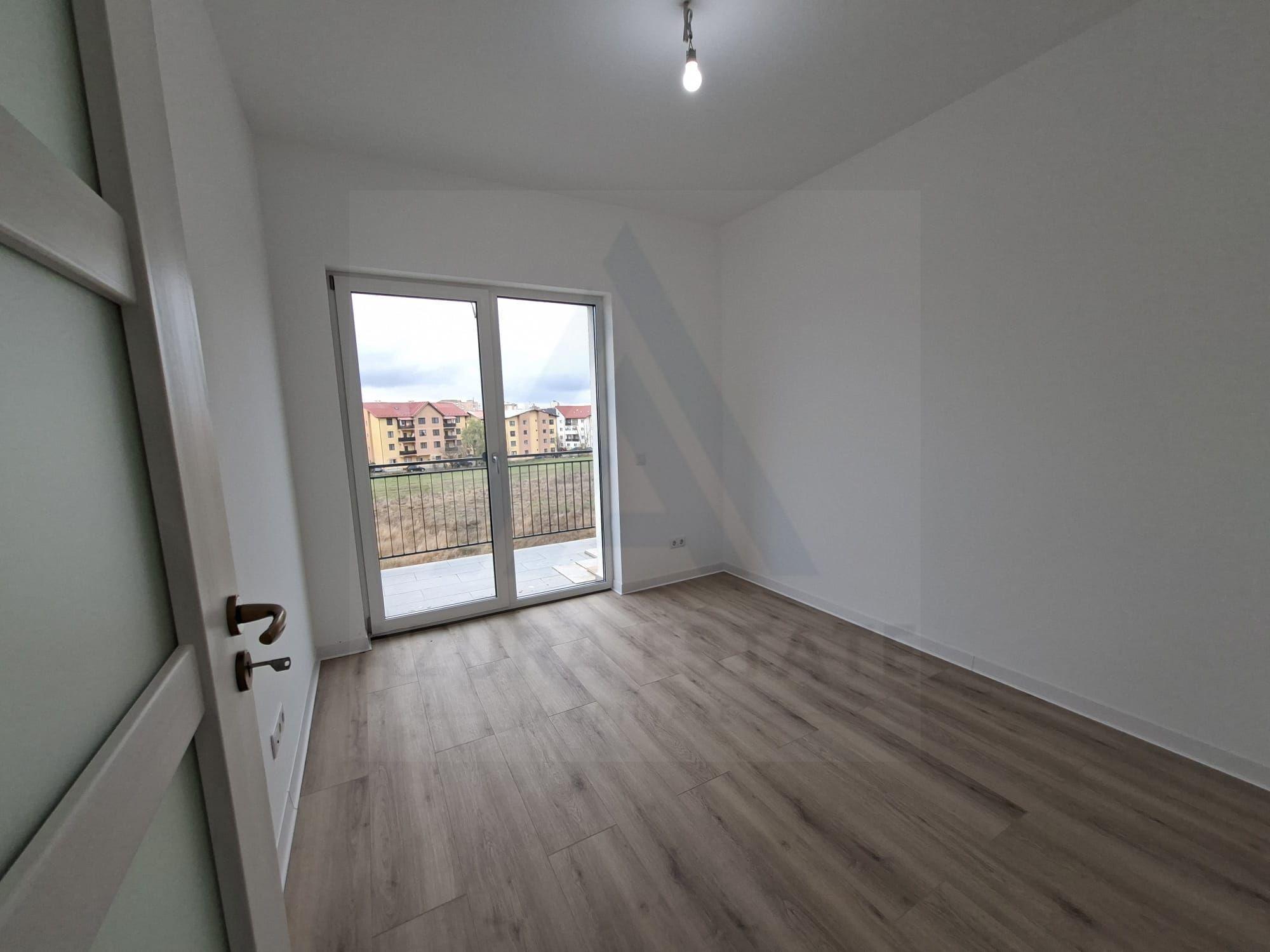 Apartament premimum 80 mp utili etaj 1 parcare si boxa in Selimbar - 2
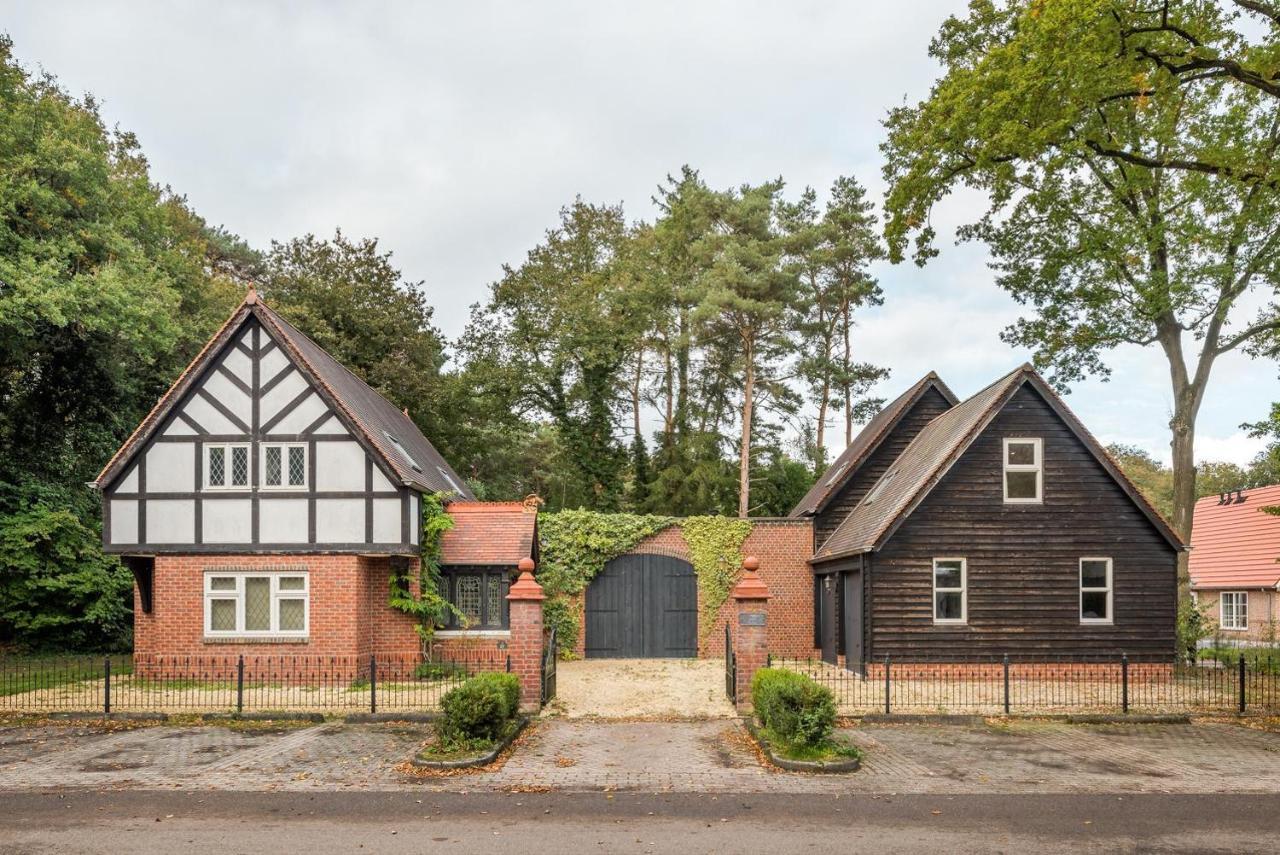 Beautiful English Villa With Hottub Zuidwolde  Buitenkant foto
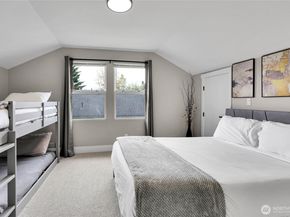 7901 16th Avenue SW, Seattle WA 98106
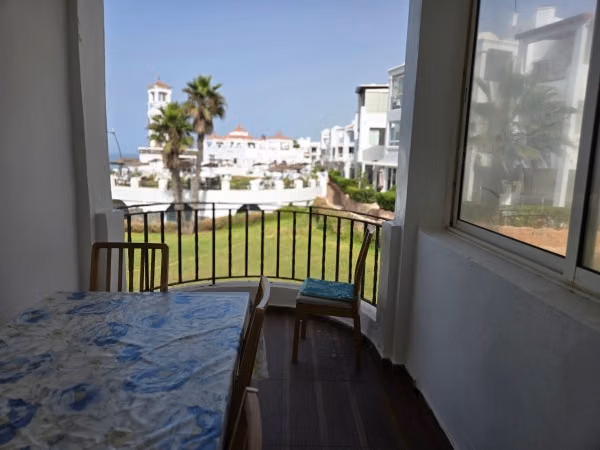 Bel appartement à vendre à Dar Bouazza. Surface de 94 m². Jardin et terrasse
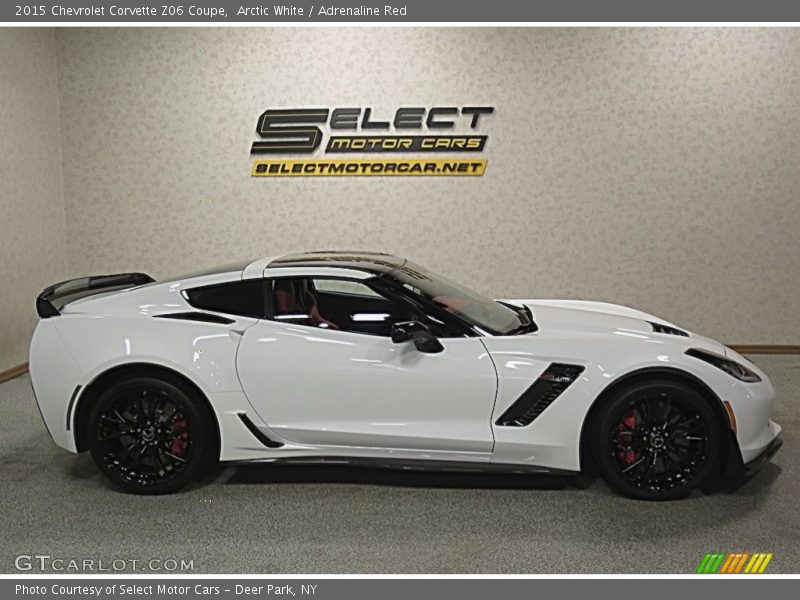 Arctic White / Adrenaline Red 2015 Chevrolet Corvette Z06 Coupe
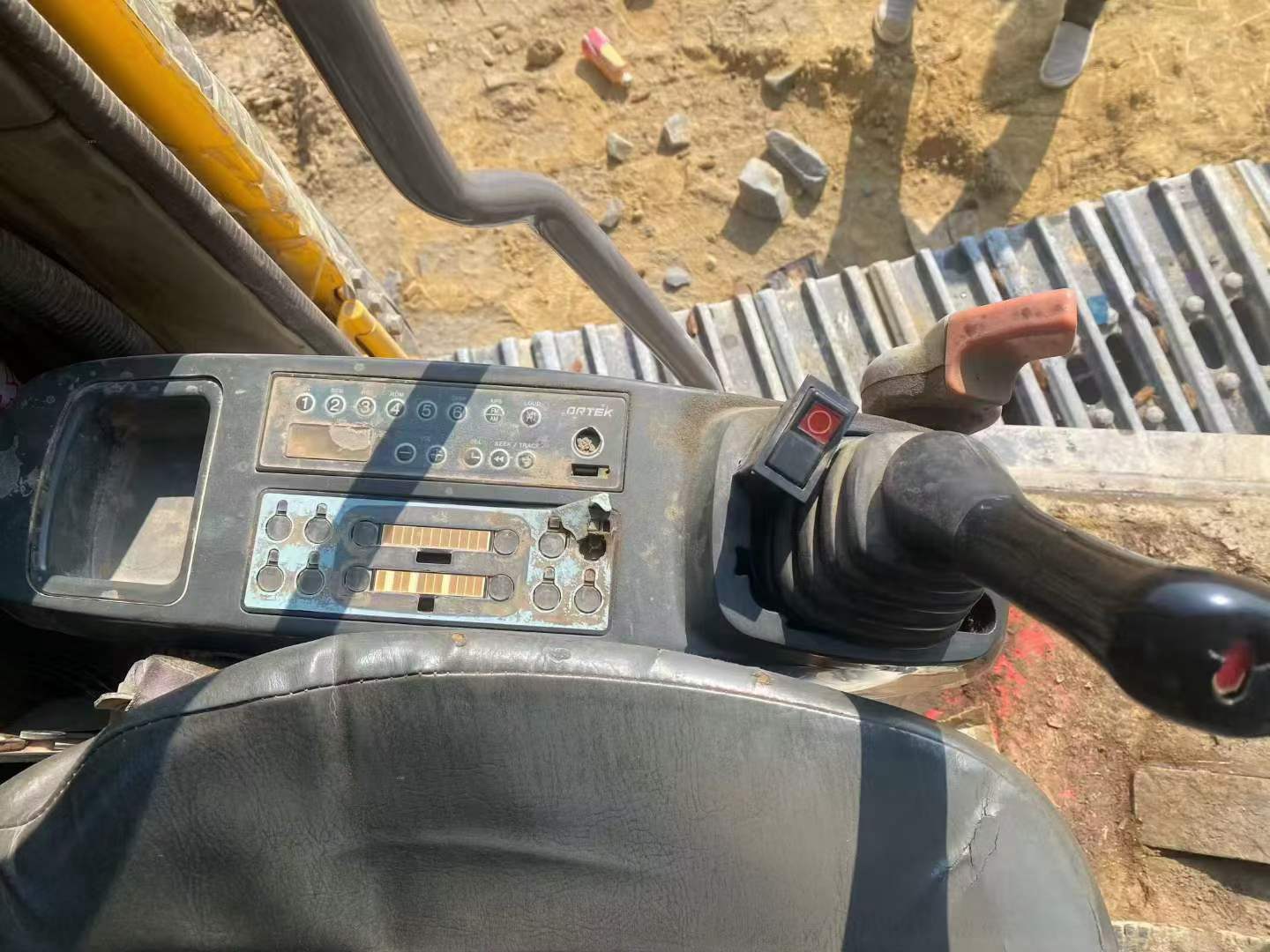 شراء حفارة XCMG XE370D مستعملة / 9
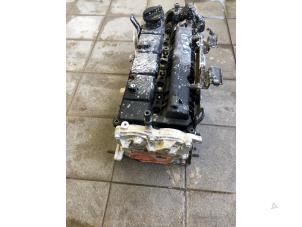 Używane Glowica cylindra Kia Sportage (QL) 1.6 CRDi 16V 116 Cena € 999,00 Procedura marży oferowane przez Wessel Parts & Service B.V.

• • • • • • •

WORK TASK =
With images omitted, retype the data word for word.

TASK ANSWER =
 Apartament premimum 80 mp utili etaj 1 parcare si boxa in Selimbar - 2
 Beautiful English Villa With Hottub Zuidwolde  Buitenkant foto
 7901 16th Avenue SW, Seattle WA 98106
 Bel appartement à vendre à Dar Bouazza. Surface de 94 m². Jardin et terrasse
 Arctic White / Adrenaline Red 2015 Chevrolet Corvette Z06 Coupe
 شراء حفارة XCMG XE370D مستعملة / 9
 Używane Glowica cylindra Kia Sportage (QL) 1.6 CRDi 16V 116 Cena € 999,00 Procedura marży oferowane przez Wessel Parts & Service B.V.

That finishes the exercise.